The question presented in this case is whether the reinstatement procedures established by the Attorney General at 8 C.F.R. § 241.8 are unauthorized by the INA because they provide for reinstatement without the right to a hearing before an immigration judge, as required by INA § 240(a), 8 U.S.C. § 1229a(a). In deciding whether an administrative agency's regulation is a permissive construction of the governing statute, we employ the analysis set forth by the Supreme Court in Chevron, U.S.A., Inc. v. Natural Resources Defense Council, Inc., 467 U.S. 837, 842-45, 104 S.Ct. 2778, 81 L.Ed.2d 694 (1984), as further explained in Food and Drug Administration v. Brown & Williamson Tobacco Corp., 529 U.S. 120, 120 S.Ct. 1291, 146 L.Ed.2d 121 (2000). Under Chevron, we must consider first "whether Congress has directly spoken to the precise question at issue." 467 U.S. at 842, 104 S.Ct. 2778. "If Congress has done so, the inquiry is at an end; [we] `must give effect to the unambiguously expressed intent of Congress.'" Brown & Williamson, 529 U.S. at 132, 120 S.Ct. 1291 (quoting Chevron, 467 U.S. at 843, 104 S.Ct. 2778). In making that assessment, we look not only at the precise statutory section in question, but analyze the provision in the context of the governing statute as a whole, presuming congressional intent to create a "symmetrical and coherent regulatory scheme." Id. at 133, 104 S.Ct. 2778(quoting Gustafson v. Alloyd Co., 513 U.S. 561, 569, 115 S.Ct. 1061, 131 L.Ed.2d 1 (1995)). Finally, "we must be guided to a degree by common sense as to the manner in which Congress is likely to delegate a policy decision of such economic and political magnitude to an administrative agency." Id. If, after conducting such an analysis, we conclude that Congress has not addressed the issue, we "must respect the agency's construction of the statute so long as it is permissible." Id. at 132, 115 S.Ct. 1061 (citing INS v. Aguirre-Aguirre, 526 U.S. 415, 119 S.Ct. 1439, 143 L.Ed.2d 590 (1999)).

Thus, we turn first to the plain language of the statute. Section 240 of the INA provides, in relevant part:

(a) Proceeding.

(1) In general. An immigration judge shall conduct all proceedings for deciding the inadmissibility or deportability of an alien.

(2) Charges. An alien placed in proceedings under this section may be charged with any applicable ground of inadmissibility under section 1182(a) of this title or any applicable ground of deportability under section 1227(a) of this title.

(3) Exclusive procedures. Unless otherwise specified in this chapter, a proceeding under this section shall be the sole and exclusive procedure for determining whether an alien may be admitted to the United States or, if the alien has been so admitted, removed from the United States. Nothing in the section shall affect proceedings conducted pursuant to section 1228 of this title.

8 U.S.C. § 1229a.

The plain language of INA § 240(a) unambiguously indicates that an immigration judge must decide the "inadmissibility" or "deportability" of an alien. Section 240(a)(2) provides guidance as to what constitutes inadmissibility or deportability. An alien is inadmissible if he may be charged under 8 U.S.C. § 1182(a) and deportable if he may be charged under 8 U.S.C. § 1227(a). Aliens who, like Morales, were previously removed from the United States under any provision of law and who subsequently enter the United States without being admitted are inadmissible and may be charged as such.2 8 U.S.C. § 1182(a)(9)(C).

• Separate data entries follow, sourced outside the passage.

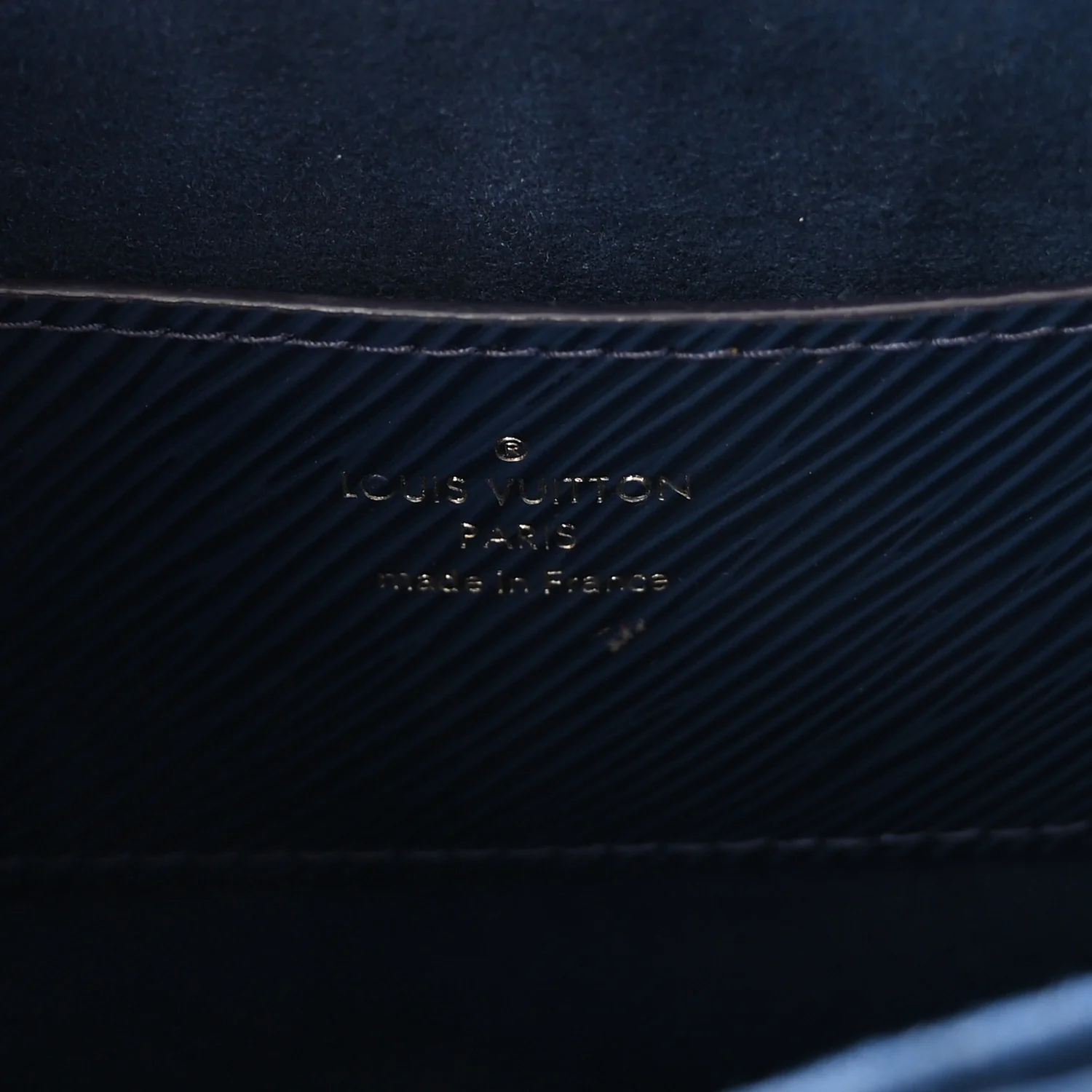 Epi Twist Shoulder Bag MM Indigo - Top Club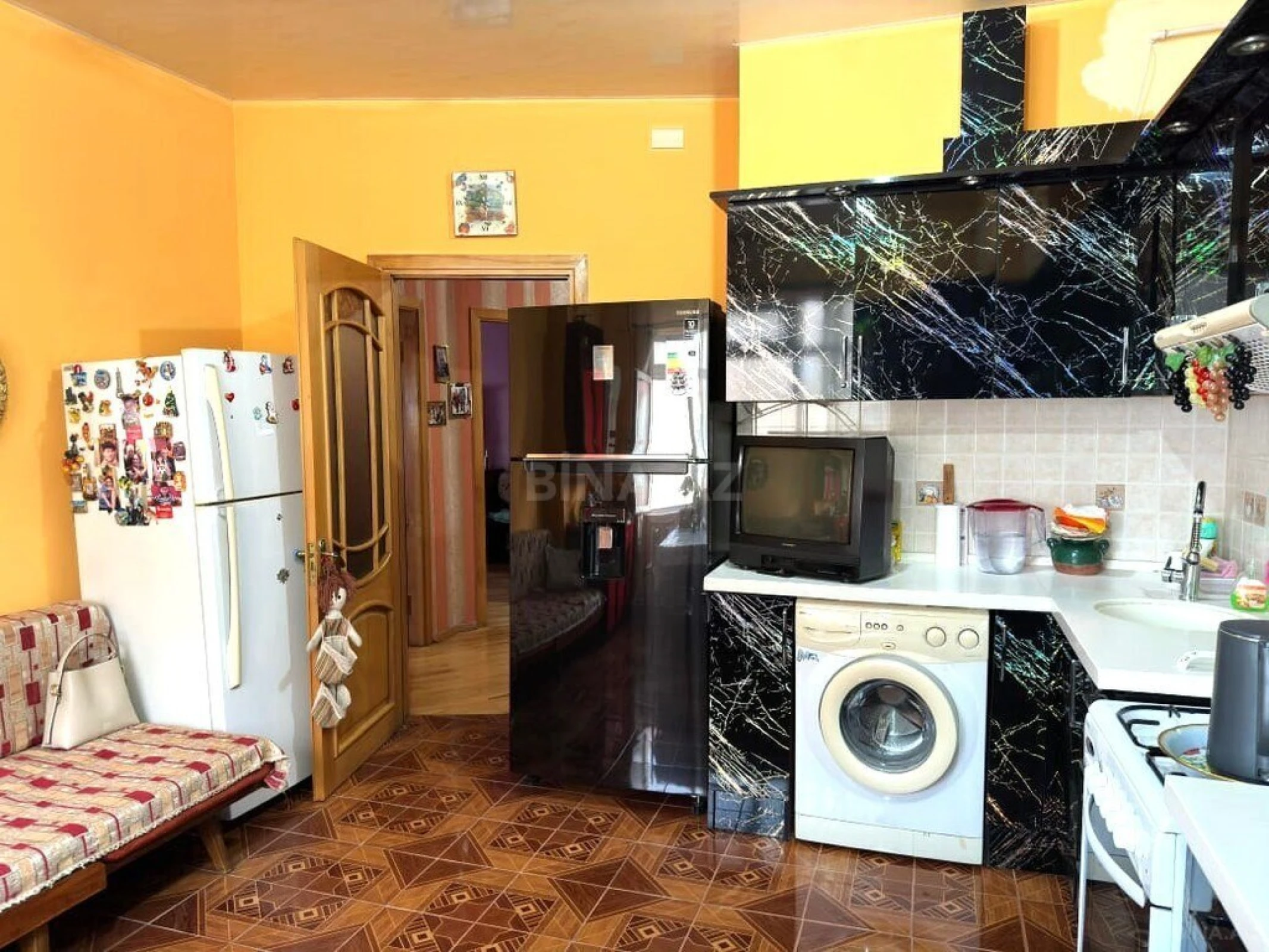 Satılır 4 otaqlı mənzil 145 m²
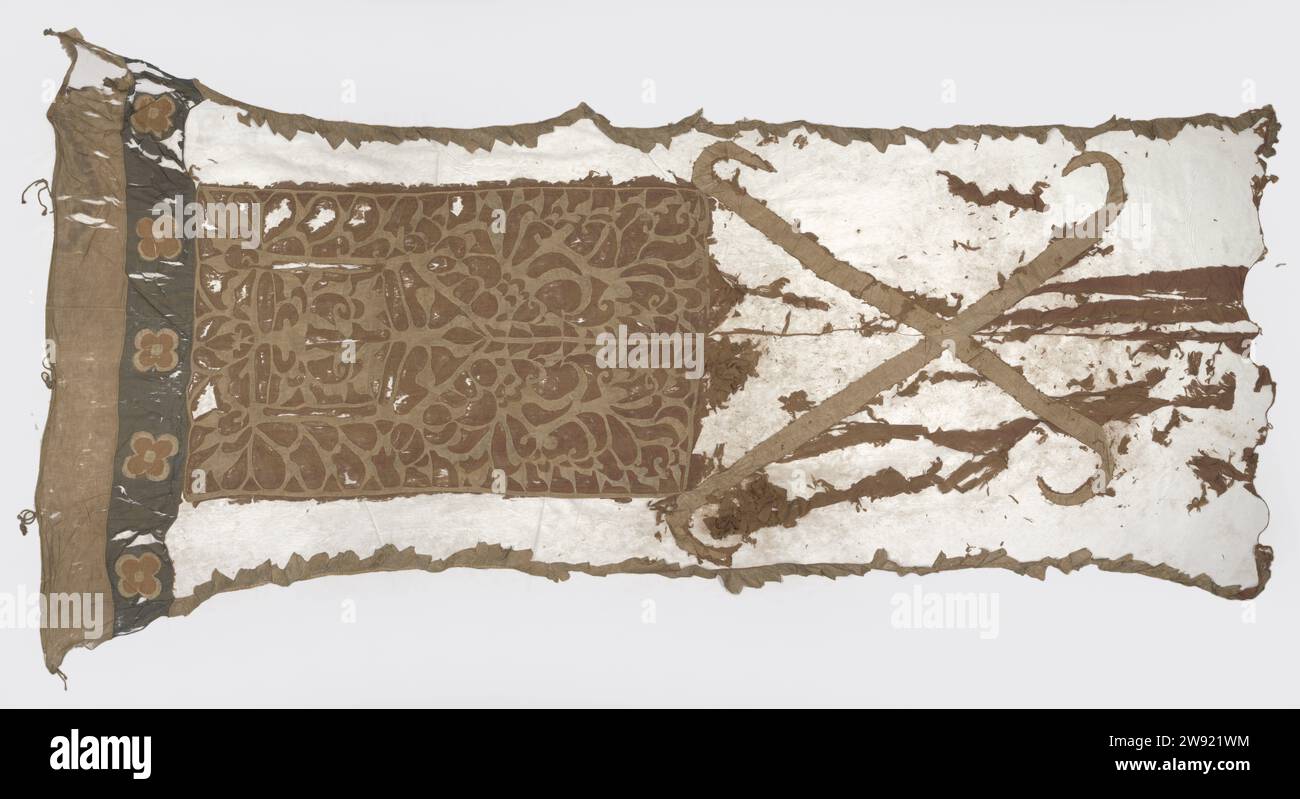 Fahne, anonym, ca. 1750 - ca. 1830 Fahne mit weißer Hose mit fünf Befestigungspunkten und einer vertikalen blauen Spur mit fünf Rosetten, beide zur Flugseite rasiert. Der Flug besteht aus zwei Teilen: Auf der Hosenseite ein rotes Feld mit weißem rechteckigem Muster und weißen horizontalen Bahnen oben und unten; auf der Flugseite ein rotes Feld mit weißen gekreuzten klefen oder Zeptern und spitzen Enden. Indonesisches Archipel-Leinen (Material). Baumwollflagge (Textil), Farben (als Staatssymbol usw.) Niederländisch-Indien, Die Stockfoto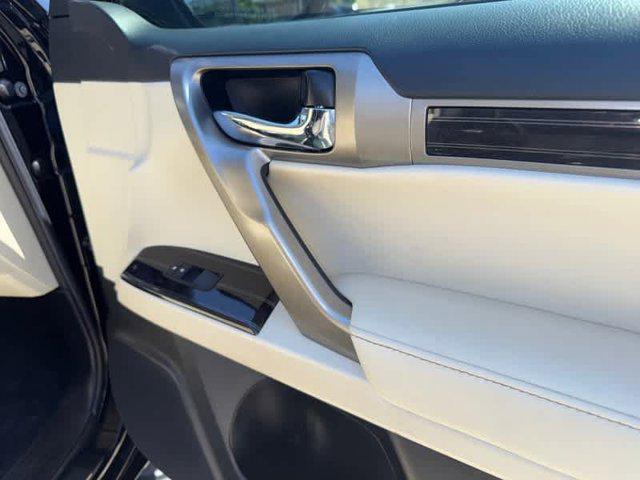 Photo of 2021 Black Onyx Lexus GX 460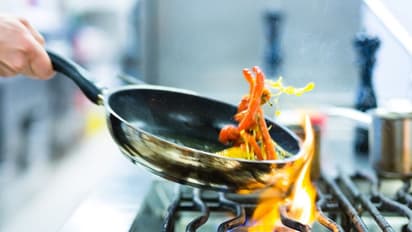 Cooking at Home : വീട്ടില്‍ ഭക്ഷണം പാകം ചെയ്ത് കഴിക്കാറില്ലേ? എങ്കില്‍ നിങ്ങളറിയേണ്ടത്...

Thus, the determination of whether an alien's prior deportation order should be reinstated is, in effect, a determination of whether that alien may be found inadmissible, because, under § 241(a)(5), a reinstatement order should issue if the Attorney General finds that an alien who was deported or who voluntarily departed while under a deportation order illegally reentered the United States. 8 U.S.C. § 1231(a)(5).

Section 240(a)(3) provides that unless otherwise specified, "a proceeding under this section shall be the sole and exclusive procedure for determining whether an alien may be admitted to the United States...." 8 U.S.C. § 1229a(a)(3). INA § 241(a)(5) does not provide an alternate procedure for determining whether a reinstatement order should issue. Thus, the plain language of the statute would seem to settle the question. Indeed, to the extent that 8 C.F.R. § 241.8 goes beyond the authority of the INA by eliminating the express authority of immigration judges to determine whether an alien's prior...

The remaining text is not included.